Caption-style text data
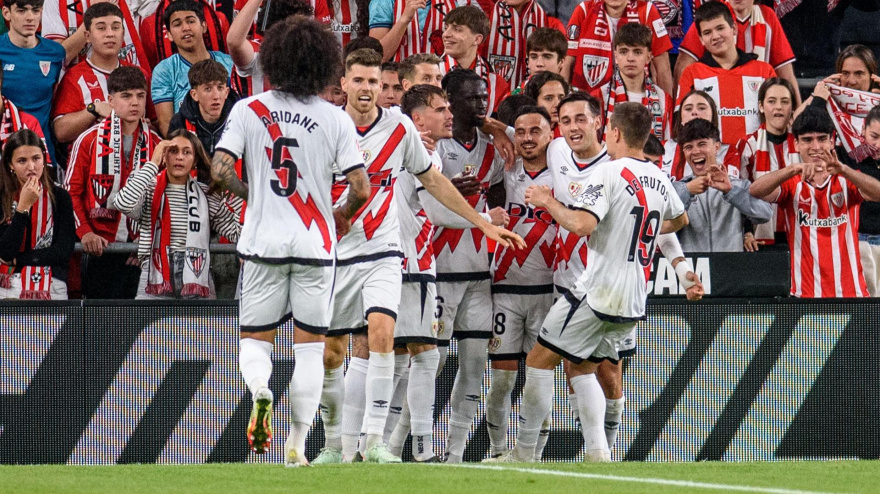 Los futbolistas del Rayo celebran el gol de Pathé Ciss en San Mamés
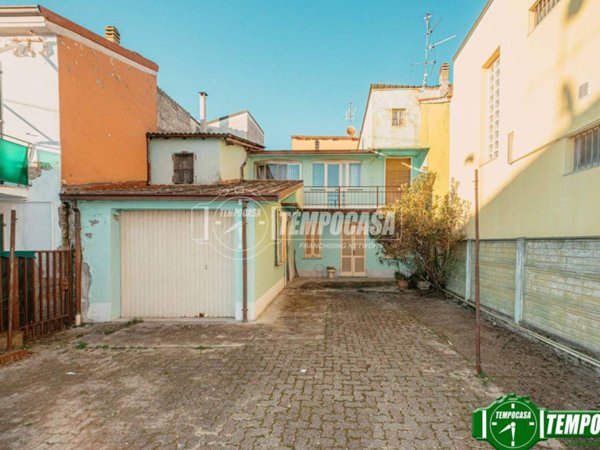 casa indipendente in vendita a Lungavilla
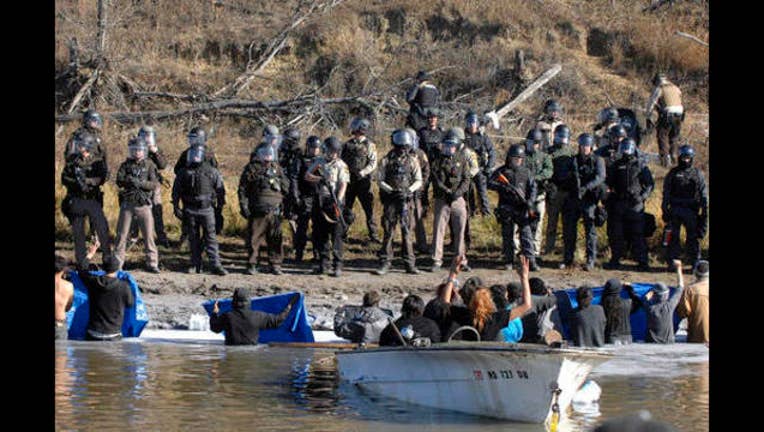 1f4c37cb-Oil Pipeline Protest_1478231693255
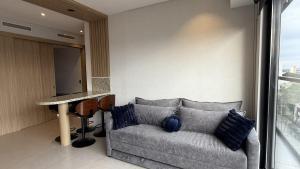 Apartment for 6 people with a pool, gym, coworking space, and parking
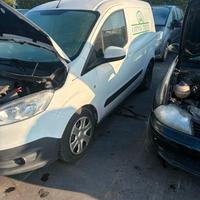 Ford Transit Courier del 2016 per ricambi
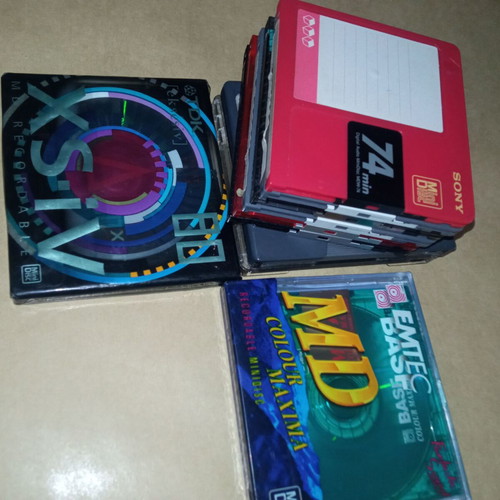 Mini Discs pack of 10, 2 new, 2 with cases, 6 without cases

Required work: Return every entry of the data above verbatim, with no images included.

Task solution:
 Los futbolistas del Rayo celebran el gol de Pathé Ciss en San Mamés
 casa indipendente in vendita a Lungavilla
 1f4c37cb-Oil Pipeline Protest_1478231693255
 Apartment for 6 people with a pool, gym, coworking space, and parking
 Ford Transit Courier del 2016 per ricambi
 Mini Discs pack of 10, 2 new, 2 with cases, 6 without cases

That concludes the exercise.